Sovereign wealth funds (SWFs), large institutions with billions of dollars in assets under management, typically allocate a small portion of their assets in inflation hedging assets such as gold.  The market capitalization of bitcoin is a fraction of the capitalization of the entire market for gold, and yet, SWFs largely ignore the fledgling crypto asset class. However, this trend promises to change over the next few years as SWFs take note of the shift towards digital financial infrastructure and decentralized finance applications. With a trillion-dollar market cap, this asset class can no longer be ignored. 

 The impending move of SWFs into the crypto market will be transformative for the asset class. As sovereign wealth funds enter the market, it will not only lend institutional credibility to the asset class, but will also reduce volatility.
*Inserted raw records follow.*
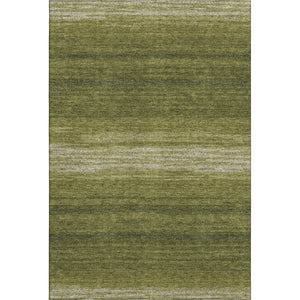 HomeRoots 5' X 8' Olive Green & Ivory Striped Area Rug - Washable, UV Protected, Stain Resistant Design for Homes 681139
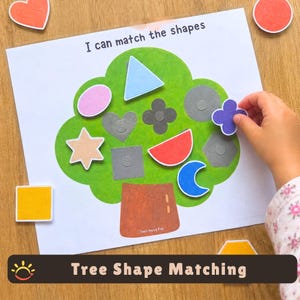 May include: A white activity sheet with the text I can match the shapes featuring a green tree illustration. The tree has various gray shape outlines including a star, square, heart, and circle. Colorful shape cutouts are placed on the tree.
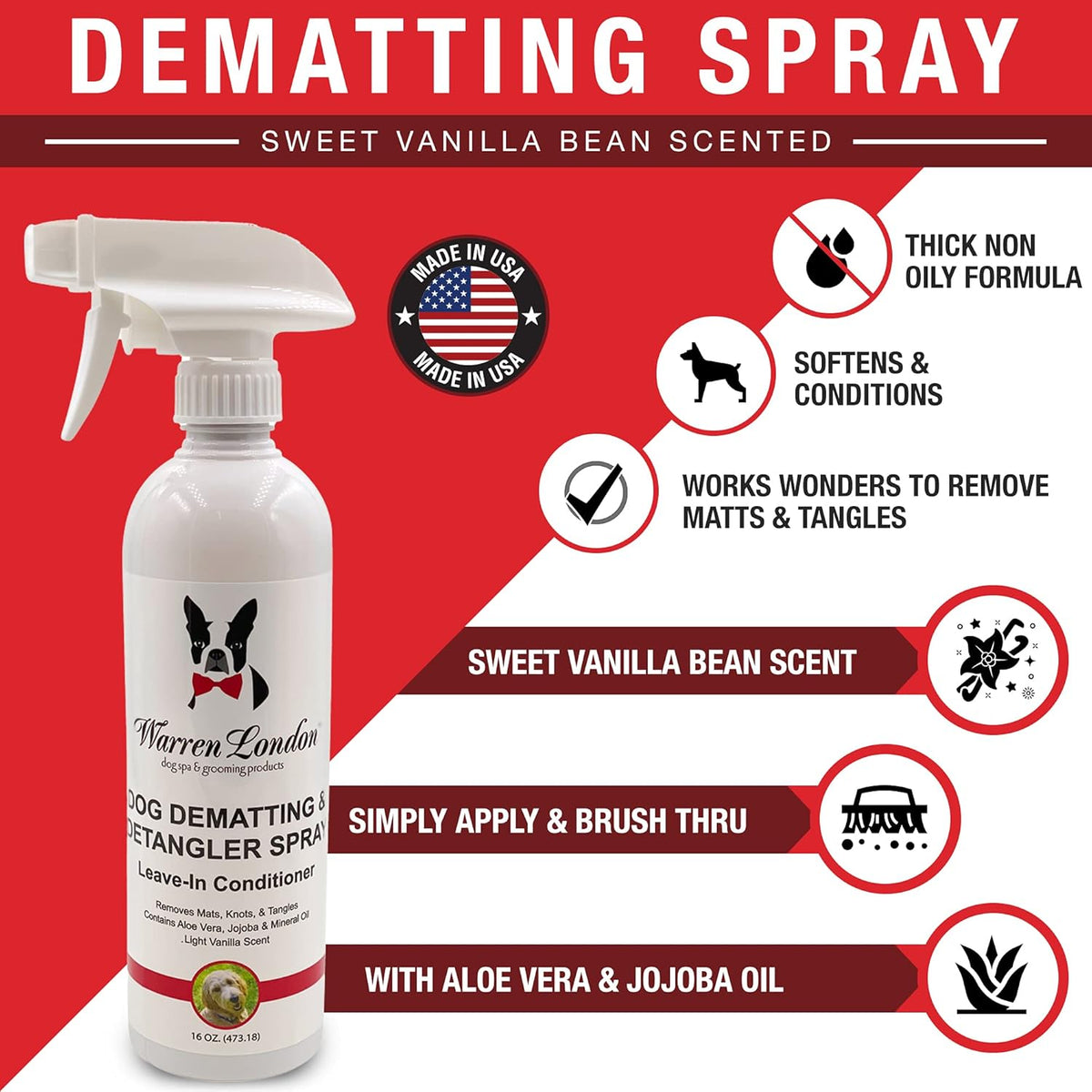 Warren London Dog Dematting & Detangling Spray | Groomer-Formulated Conditioner w/Aloe Vera &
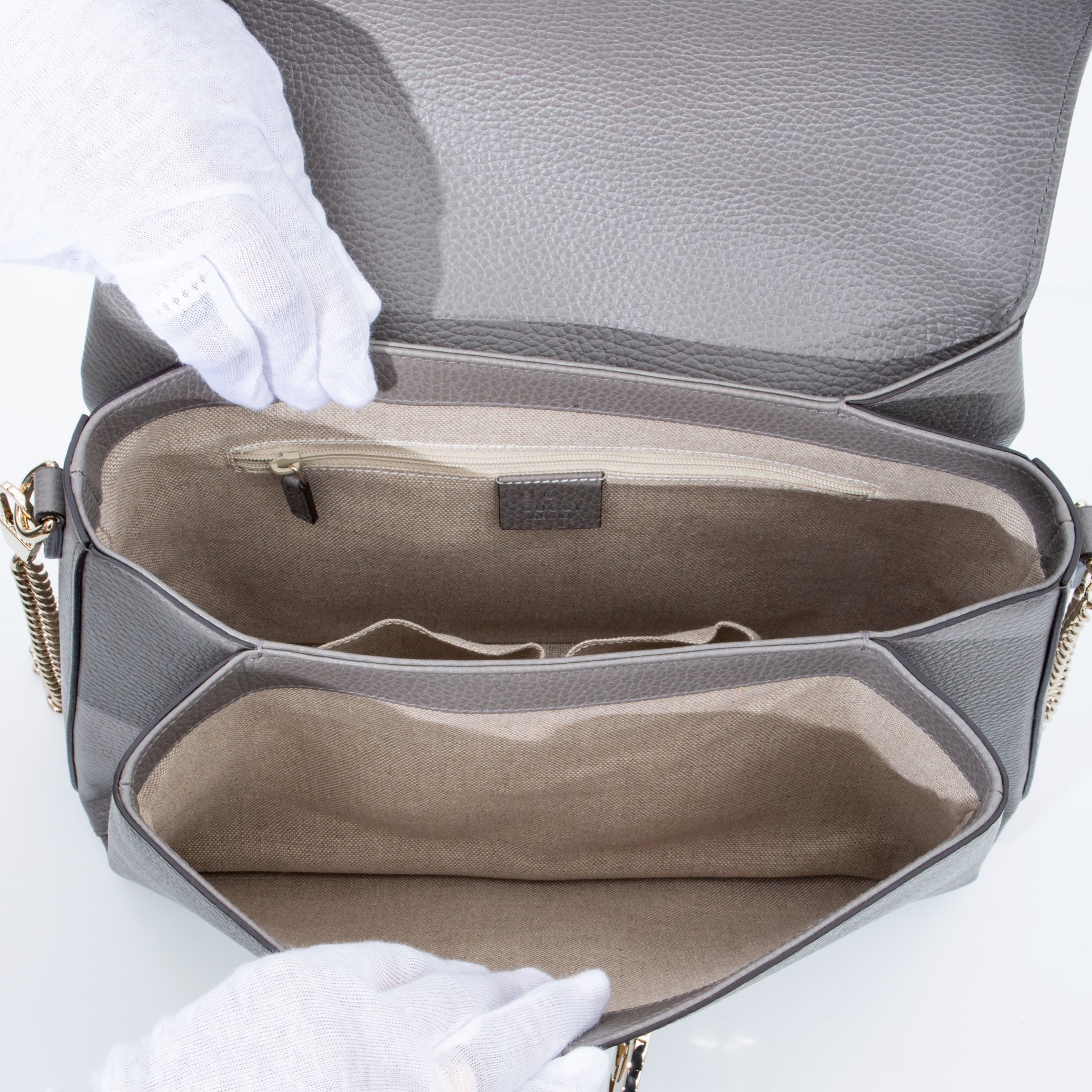 GUCCI Dollar Calfskin Interlocking G Top Handle Shoulder Bag Loess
Valuations across the entire crypto sphere will rise providing greater confidence and consensus in the nascent asset class.

Apart from the potential entry of SWFs into crypto markets, we will likely witness a growing interest in the digital asset ecosystem from central banks and other traditional financial institutions. With balance sheets totaling somewhere between 40-50 trillion dollars, sovereign investors represent the final layer of legitimacy for bitcoin. When central banks start entering cryptocurrency markets, it will trigger a feedback loop where increasing institutional adoption will strengthen demand, more interest from existing SWFs, and thus more price appreciation. We are already beginning to see central banks announce pilot programs for their own digital currencies. Central bank digital currencies (CBDCs) do not compete with bitcoin, but rather they will force governments to answer the question of what hard assets stand behind these CBDCs, thereby creating greater demand for bitcoin. 

The price of bitcoin — and subsequently, its market capitalization — is derived from the finite nature of its circulating supply. Bitcoin’s most recent halving event on May 11, 2020, produced the supply shock necessary to kick-start an exponential uptrend across the entire cryptocurrency market.

Historically, bitcoin’s four-year cycle has pushed the cryptocurrency market through consecutive phases of exponential highs, correction, accumulation, and recovery. It remains to be seen whether bitcoin will see a continuation of this pattern over the next year. Many believe that if there is a correction on the horizon, wider market volatility is likely to be tempered by the recent spike in the adoption and integration of cryptocurrencies among traditional financial institutions and central banks.

Bitcoin’s long-term bullish outlook is supported by several supply-demand models, including PlanB’s popular stock-to-flow (S2F) model. According to the S2F, scarcity-induced supply pressure should see the price of bitcoin rising to $100,000 by Christmas. In a blog post earlier this year, PlanB also unveiled the S2FX, an updated projection model which enables cross-asset forecasting for bitcoin, gold, and silver. From an analysis of the S2FX, PlanB estimates that the market capitalization of bitcoin could exceed $5.5 trillion by 2024. If this projection pans out, the next halving event will see a single bitcoin priced at over $288,000.

As crypto markets prepare for the inevitable flood of institutional investment, sovereigns will likely drive the coming price explosion. By allocating a small percentage of their balance sheet to bitcoin, first movers will be positioned to become the wealthiest countries in the world to the benefit of their citizens. El Salvador’s declaration of bitcoin as legal tender this year is just the beginning.